6 thoughts on “10 Fall gardening tips

  1. I’ve heard the Horticulturists advise us to chop up the leaves to serve as Mulch, etc. Why do they have to be cut up? Cannot the same fertilizing effect be attained with just leaving the leaves on the lawn just the way they are through the winter days? Just wondering and hoping for an answer.
    Thank you.

    1. This is a good question. Leaving whole leaves that are not chopped up can smother a lawn and cause decline. Current research from turfgrass specialists at Purdue University indicates that the lawn is not adversely affected by applying chopped up leaves back onto it as part of a regualr maintenance program. This solves the costly and time consuming process of leaf disposal and helps our landfills.

      1. Thank you Debi for the answer. I would guess then, that when leaves are chopped up, this allows aereation which a BLANKET of leaves will NOT allow? Would that be a proper conclusion?
        Thanks again for the explanation.

  2. Seeing Sara on the front page of The Daily Lily posed with her fall trees (and Sara does LOVE her trees!)reminded me to let you know that fall is really the best time to plant a tree. It is at this time of year that the roots grow as the top growth is going into dormancy. So, as Sara taught me, ‘plant a tree until Jesus comes’. Thanks for sharing your trees with us, Sara, and for beautifying God’s earth and The Daily Lily!

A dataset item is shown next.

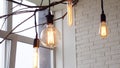 Edison hanging lamps, illuminated. Media. Vintage light bulbs hanging on interior branches of window on background of Royalty Free Stock Photo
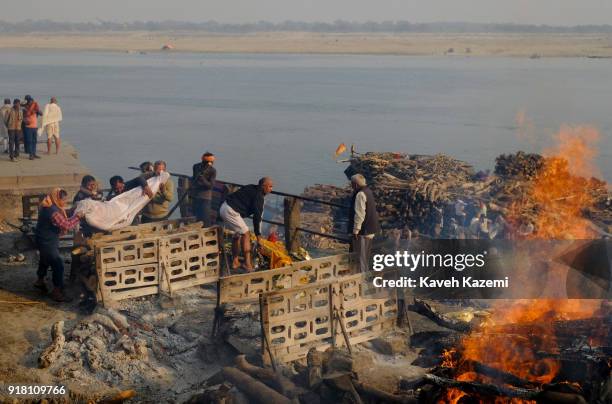 Bodies are laid on pyres before being cremated in Manikarnika Ghat on January 28, 2018 in Varanasi, India. Manikarnika Ghat is one of the holiest...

    1. Hey Debi, you are in big trouble now. You just gave me permission to plant another tree. I just am in from walking my dogs and looking at some of the most beautiful colors eyes can behold strewed all over my yard from the warm cool winds. Such beauty Autumn delivers for this time of the year in locales where leaves turn lush with golden red colors.

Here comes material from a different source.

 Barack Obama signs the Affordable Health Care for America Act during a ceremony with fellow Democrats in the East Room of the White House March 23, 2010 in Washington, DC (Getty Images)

      Autumn brings decor of freedom. Wind blown hair, wind blown leaves, wind blowing all our worries right into the breeze. We can take that freedom and yes look, yes Look, right unto the hills which will show us our help. Psalm 121:1 “I will lift up mine eyes unto the hills, from whence cometh my help.”

      A Pilgrim Song from The Message, sing along with me:

      Psalm121: 1 -2 “I look up to the mountains; does my strength come from mountains?
      No, my strength comes from God,
      who made heaven, and earth, and mountains.”

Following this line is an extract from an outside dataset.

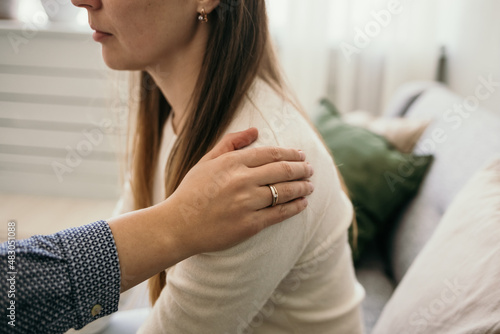 a gesture of support. a woman's hand on the shoulder of a distressed female patient. psychological help for women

      1. Sara, how about a “Waterfall” Japanese maple for your sanctuary shade garden area. It has a delightful, cascading, billowing effect. And from Psalm 42:7 it will speak out “Deep calls to deep at the noise of your waterfalls; all Your waves and billows have gone over me. The Lord will command His lovingkindness in the daytime, and in the night His song shall be with me – A prayer to the God of my life.”